Canadian journalist (1936–2021)

William Franklin Orr (May 28, 1936 – February 13, 2021) was a Canadian sports author and journalist.

== Career ==
Born and raised on a farm near Hillsburgh, Ontario, Orr attended Guelph Collegiate and started out working for radio stations in Chatham and Sault Ste. Marie. He also was a sports editor with the Guelph Mercury and Cornwall Standard-Freeholder. He joined the Toronto Star in 1961, and covered the National Hockey League, and specifically the Toronto Maple Leafs. He also wrote on the 1972 Summit Series and several IIHF World Junior Hockey Championships.
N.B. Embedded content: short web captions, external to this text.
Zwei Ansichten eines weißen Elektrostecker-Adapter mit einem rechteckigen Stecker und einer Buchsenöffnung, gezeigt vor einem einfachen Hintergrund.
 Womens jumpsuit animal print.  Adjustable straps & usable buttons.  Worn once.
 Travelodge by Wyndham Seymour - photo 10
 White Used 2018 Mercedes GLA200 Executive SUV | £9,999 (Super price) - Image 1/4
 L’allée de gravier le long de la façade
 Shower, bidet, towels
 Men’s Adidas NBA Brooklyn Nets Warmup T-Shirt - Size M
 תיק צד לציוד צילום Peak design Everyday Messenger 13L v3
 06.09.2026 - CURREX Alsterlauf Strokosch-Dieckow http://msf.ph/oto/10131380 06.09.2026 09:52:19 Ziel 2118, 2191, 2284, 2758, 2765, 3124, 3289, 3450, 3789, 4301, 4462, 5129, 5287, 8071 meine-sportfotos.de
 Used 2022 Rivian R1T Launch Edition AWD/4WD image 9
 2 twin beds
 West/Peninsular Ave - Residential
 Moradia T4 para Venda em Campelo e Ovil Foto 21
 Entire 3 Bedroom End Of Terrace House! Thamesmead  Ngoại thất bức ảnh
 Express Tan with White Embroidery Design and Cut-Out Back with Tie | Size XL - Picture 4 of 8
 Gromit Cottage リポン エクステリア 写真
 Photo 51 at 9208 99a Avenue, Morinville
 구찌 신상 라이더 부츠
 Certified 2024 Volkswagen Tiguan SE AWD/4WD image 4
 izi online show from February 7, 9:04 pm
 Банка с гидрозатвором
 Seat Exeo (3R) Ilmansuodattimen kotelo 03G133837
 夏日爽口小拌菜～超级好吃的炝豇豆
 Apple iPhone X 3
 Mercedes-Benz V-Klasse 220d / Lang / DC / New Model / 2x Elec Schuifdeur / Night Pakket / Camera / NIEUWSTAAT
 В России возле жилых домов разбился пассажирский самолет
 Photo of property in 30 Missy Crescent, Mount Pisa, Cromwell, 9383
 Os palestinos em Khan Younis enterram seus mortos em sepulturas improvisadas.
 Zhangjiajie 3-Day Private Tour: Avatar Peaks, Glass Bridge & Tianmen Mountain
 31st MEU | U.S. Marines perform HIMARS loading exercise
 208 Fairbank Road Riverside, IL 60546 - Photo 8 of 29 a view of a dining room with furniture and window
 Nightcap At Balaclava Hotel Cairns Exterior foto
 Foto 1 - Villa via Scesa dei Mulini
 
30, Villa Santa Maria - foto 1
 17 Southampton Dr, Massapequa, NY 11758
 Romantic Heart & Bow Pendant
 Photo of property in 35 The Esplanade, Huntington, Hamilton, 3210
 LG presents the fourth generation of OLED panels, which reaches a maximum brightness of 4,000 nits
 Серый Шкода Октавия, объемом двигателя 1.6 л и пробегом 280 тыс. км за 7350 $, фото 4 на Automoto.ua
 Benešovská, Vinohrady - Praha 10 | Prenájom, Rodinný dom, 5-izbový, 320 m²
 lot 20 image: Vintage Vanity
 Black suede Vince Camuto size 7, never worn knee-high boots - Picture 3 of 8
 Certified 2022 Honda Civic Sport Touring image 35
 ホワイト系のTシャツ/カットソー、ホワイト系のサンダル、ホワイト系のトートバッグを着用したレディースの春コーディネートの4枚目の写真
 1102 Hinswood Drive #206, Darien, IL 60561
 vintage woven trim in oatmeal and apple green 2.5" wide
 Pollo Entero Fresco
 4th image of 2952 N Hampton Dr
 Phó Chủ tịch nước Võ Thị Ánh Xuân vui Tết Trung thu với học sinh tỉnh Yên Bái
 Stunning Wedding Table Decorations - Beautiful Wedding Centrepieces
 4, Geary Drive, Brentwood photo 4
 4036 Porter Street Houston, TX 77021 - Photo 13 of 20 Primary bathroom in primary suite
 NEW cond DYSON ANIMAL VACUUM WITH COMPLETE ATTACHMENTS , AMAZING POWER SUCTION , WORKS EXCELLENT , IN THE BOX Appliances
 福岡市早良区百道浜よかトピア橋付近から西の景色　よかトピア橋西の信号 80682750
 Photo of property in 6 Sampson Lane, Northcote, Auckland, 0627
He has also authored over 30 books related to sports and has contributed to over 60 additional titles.

He won the Elmer Ferguson Memorial Award and was inducted into the Hockey Hall of Fame in 1989 in the media category, and received a lifetime achievement award from Sports Media Canada in 2003. In 2004, he was honoured with an induction into the Etobicoke Sports Hall of Fame. Orr was inducted into the Canadian Motorsport Hall of Fame in 2021, with voters citing his contribution to motorsport coverage in The Toronto Star as significant to Canadian motorsport.

Orr resided in Etobicoke with his wife Shirley. He died on February 13, 2021, at the age of 84.